Para acceder al centro desde el
hotel tenía dos posibilidades. La primera era salir hacia la derecha, tomar el bulevar
Slivnitsa hasta el bulevar de la Princesa María Luisa, que se convertía al
final en el bulevar Vitosha, mi objetivo de aquella tarde-noche. La otra implicaba
salir hacia la izquierda y bajar hacia Pirotska, una calle peatonal de segundo
orden que desembocaba en la mezquita Banya Bashi. Habitualmente, si salía por
la primera regresaba por la segunda.
En las inmediaciones del hotel
no había nada atractivo para la noche. El bazar de las Mujeres se quedaba
desierto y los pocos personajes que rondaban por allí no eran demasiado
recomendables. El bulevar Princesa María Luisa devolvía un poco de animación y
al alcanzar las inmediaciones de la zona gubernamental las terrazas se poblaban
de gente que no quería perderse las estupendas tardes de verano.
Vitosha rompía con la
tranquilidad. Era puro ajetreo: mucha luz, mucha gente, muchos restaurantes,
muchas heladerías. El paseo era un ritual inexcusable. Los músicos y los
artistas callejeros contribuían a ese espectáculo sencillo que estaba buscando.
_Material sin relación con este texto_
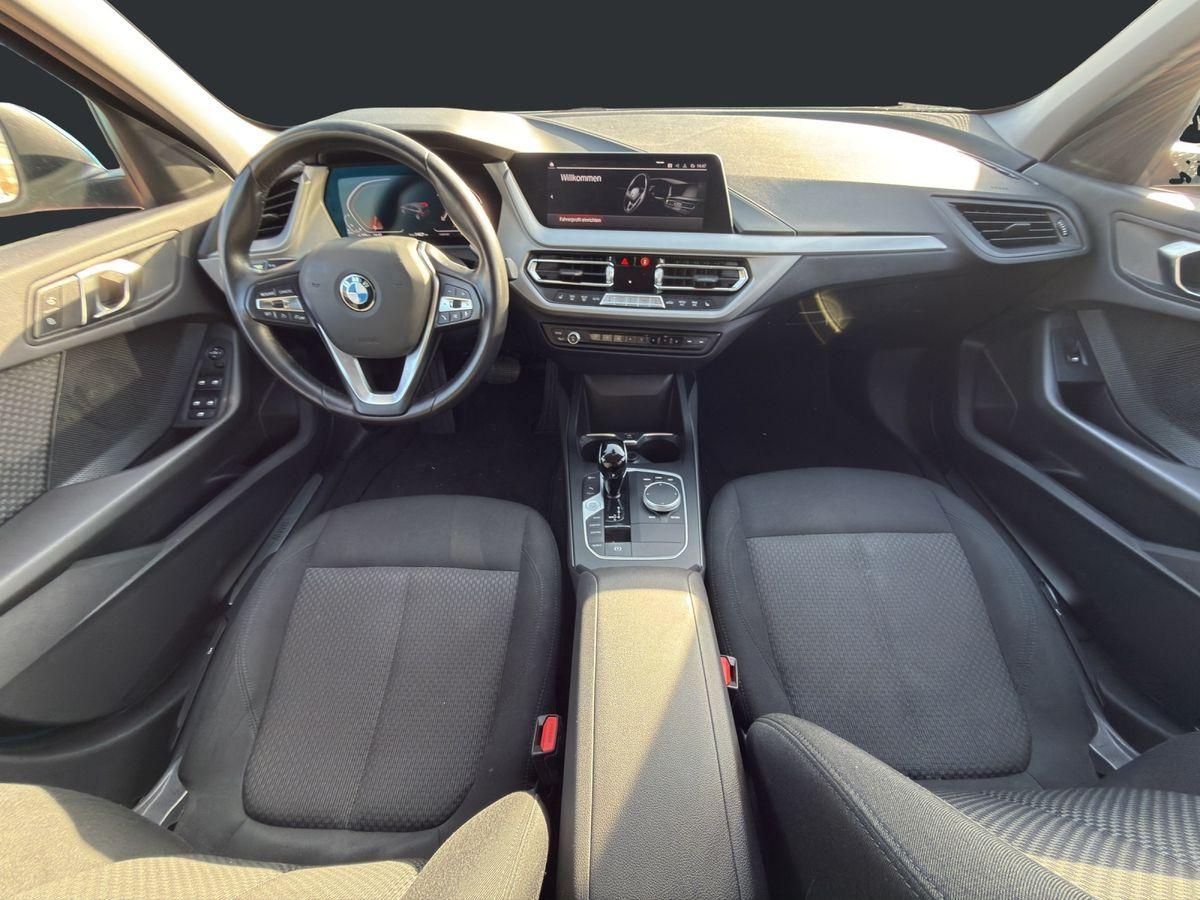 BMW 118 Advantage 2.0*Navi*ShZ*Klima*Tempo* foto 14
Lo recorrí entero hasta el bulevar
Patriarh Evtiny y el alargado parque en donde aparecía, dominante, el Palacio Nacional
de la Cultura (NDK, la abreviatura conocida del mismo). Del parque llegaba
música y tuve la impresión de que acumulaba muchos visitantes, como si peregrinaran
a algún espectáculo al aire libre. Eran las nueve de la noche y temí que me
enredara allí y me quedara sin cenar. Regresaría luego, por lo que busqué un
restaurante cerca de ese cruce. Me daría cuenta esa noche de que era razonable
reservar si querías cenar en un restaurante de cierta calidad.